Tuesday, November 23, 2021

Sturgeon's "More Than Human" (1953)

Del Rey/Ballantine 1981, Paul Giovanopoulos

In 1952, Theodore Sturgeon's novella "Baby Is Three" appeared in the October issue of Galaxy magazine to great acclaim. It's critical success prompted Sturgeon to expand on its premise with a prequel and a sequel (the novellas "The Fabulous Idiot", "Morality"). Although this second cycle of stories did not see print in magazines, all three parts were eventually published as the novel More Than Human (1953). Initially unsuccessful as a hardcover, it was later translated into more than a dozen languages, appeared in graphic novel form, was released as an LP (featuring the author reading its first section), and has been frequently optioned for film. 


Spread over several years, the narrative describes the lives of several "splintered" individuals who eventually meet and become what is identified as a "Homo gestalt", an advanced human entity whose extra-normal abilities are distributed amongst members of a small group of mentally-connected individuals. However, although the individual members each have evolved "superpowers", they still need to work as a combined unit in order to reach their full potential as a complete being.

Ballantine Books 1953, Richard Powers

Structure

The first section, titled "The Fabulous Idiot", opens with several seemingly-unrelated vignettes describing the unfulfilled lives of several damaged/discarded members of society. Eventually, after their mental sensitivities draw them together, these "lost souls" begin to realize that together they make up the head, body, arms and brain of a single entity (Homo gestalt). However, since the individual representing the head (responsible for leadership and direction) is a mentally-stunted "idiot", the group realize that they are still far from reaching their full potential.

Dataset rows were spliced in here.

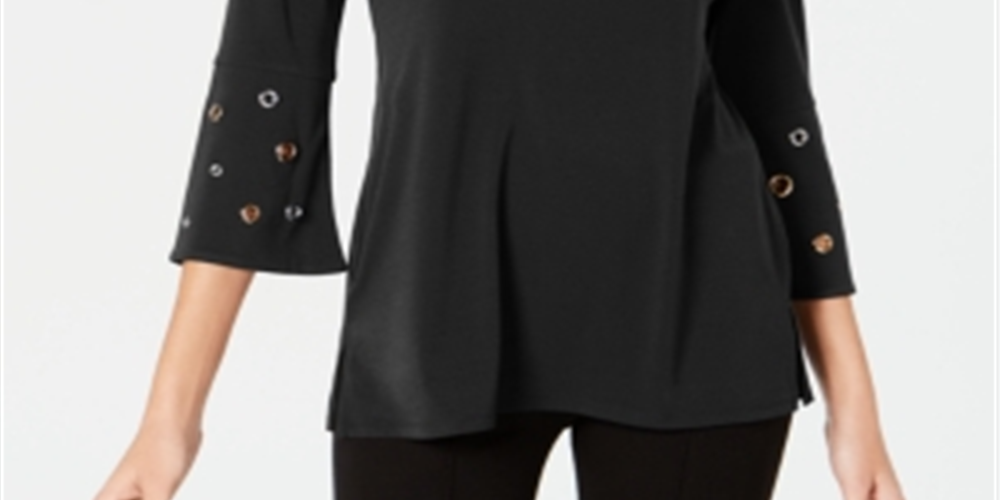 JM Collection Women's Chain Detail Crepe Top Black Size Petite Petite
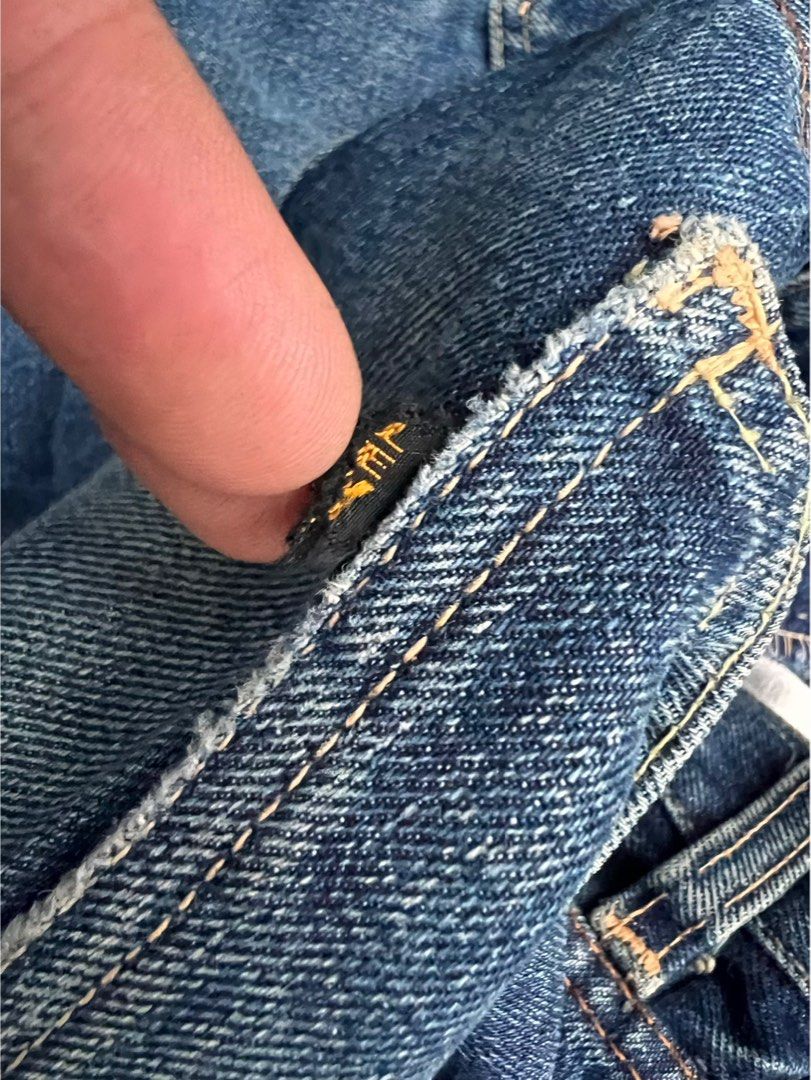 VINTAGE LEVIS 606 BIG E BLACK TAB ALPHABET BUTTON BUTANG S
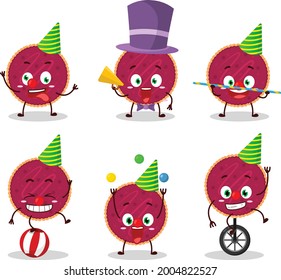 Cartoon character of cranberry pie with various circus shows. Vector illustration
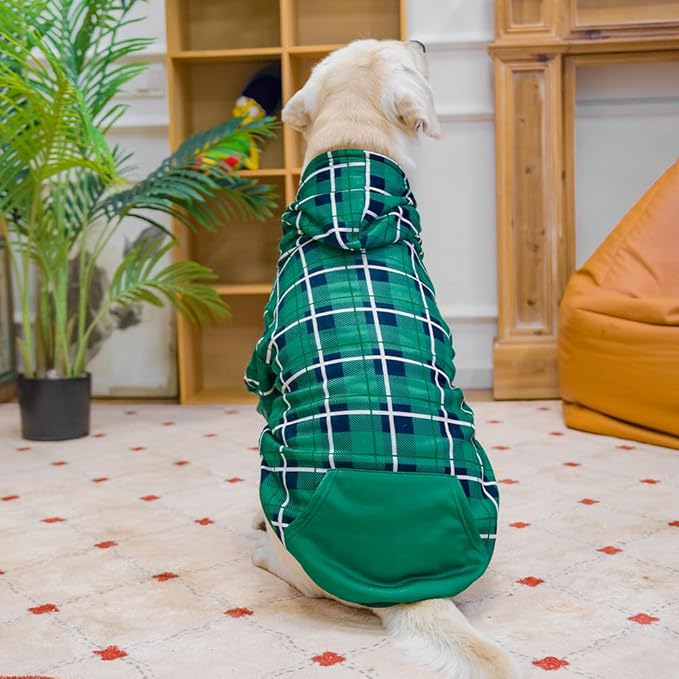 EXPAWLORER Plaid Dog Hoodie - British Style Warm Dog Sweater Shirt with Leash Hole,Pitbull Clothes Outfits,Winter Coat Apparel for All Breeds Puppy Girl Boy-Cat Apparel,Green Large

The second section, "Baby Is Three", begins as a disturbed teenager named Gerry visits a psychotherapist, during which Gerry recalls how he had come to meet the members of the gestalt family described in "The Fabulous Idiot". As the session progresses, Gerry is able to overcome buried mental blocks in order to recognize himself as a member of the gestalt unit. With Gerry's help, the gestalt seemingly reaches a certain level of "adult" potential, although its maturation may put the rest of humanity at risk.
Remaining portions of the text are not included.